Husk is a feature length remake of a short film of the same name starring Guillermo Diaz. Both directed by Brett Simmons, here he evidently tries to flesh out the story to cover the span of a full length film but ultimately fails. Due to there not being nearly enough depth to carry the film, the film is filled with prevailing gaps of boredom.
Husk follows a group of friends who find themselves stranded in a cornfield and discover that they are in the centre of a supernatural ritual.
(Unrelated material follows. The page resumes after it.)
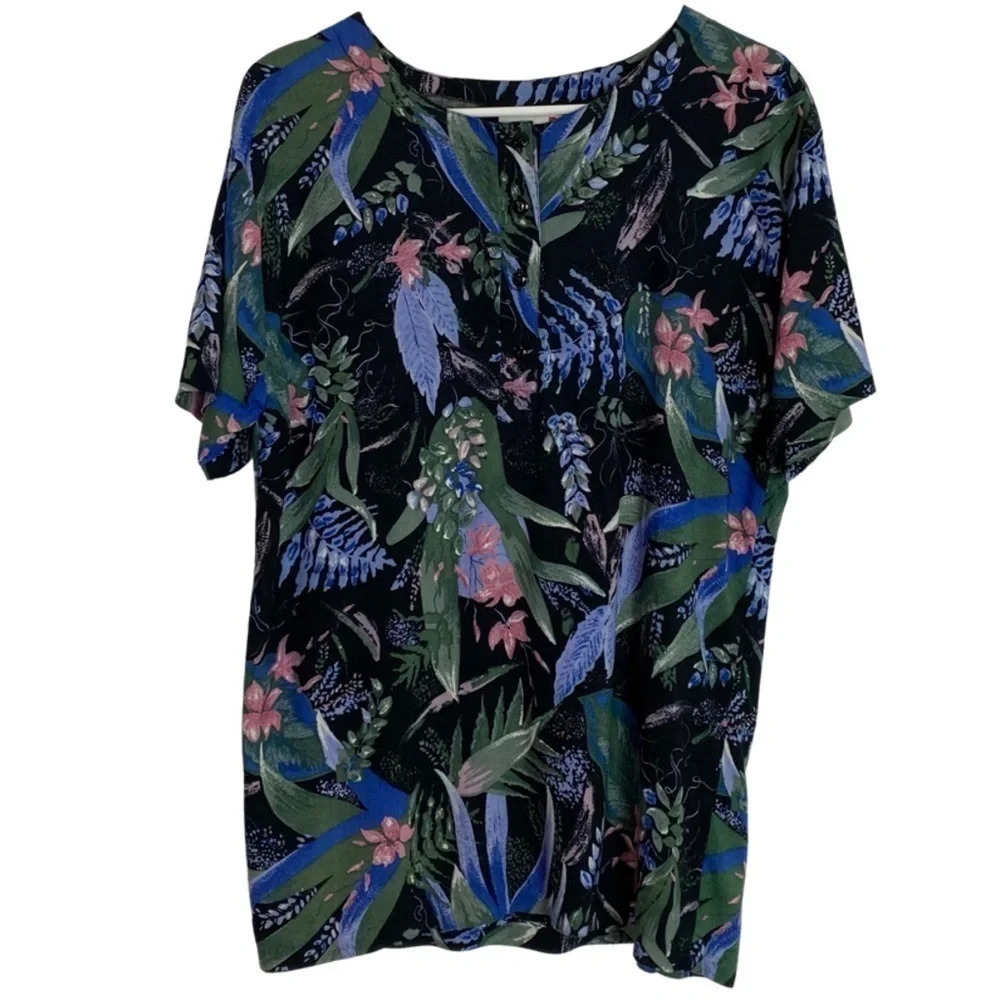 Vintage 90s Tropical Floral Print Henley Rayon Blouse Made In USA Womens Medium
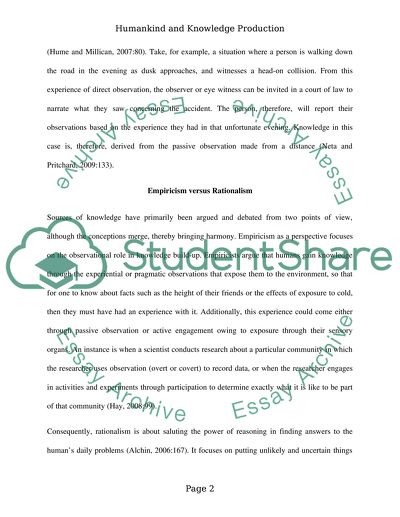 Two Ways in Which Humankind Can Produce Knowledge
The film, at its heart, has many flaws. It doesn’t cover new territory and it tries to ignore other films that have used scarecrows as their main antagonists which, although possibly being construed as a good thing, will actually make viewers wish that the writer had had a fresh wave of ideas. There are some elements of the story which are baffling and were actually looked at in Dark Night of the Scarecrow, Dead Birds and even Hallowed Ground . Husk doesn’t tend to acknowledge these which is naive on the film makers part.
Husk fares rather well stylistically; if the audience can ignore the odd dizzying camera angles that are used in action-orientated sequences they will be able to appreciate the gritty and 80s-esque feel to the whole thing, especially the spooky atmosphere. Unfortunately it does feel more like an all style, not a lot of substance, event. Despite its many flaws, at least in the end the audience can be thankful that the film doesn’t revert back to the idea that horror and nudity are necessarily entwined with one another.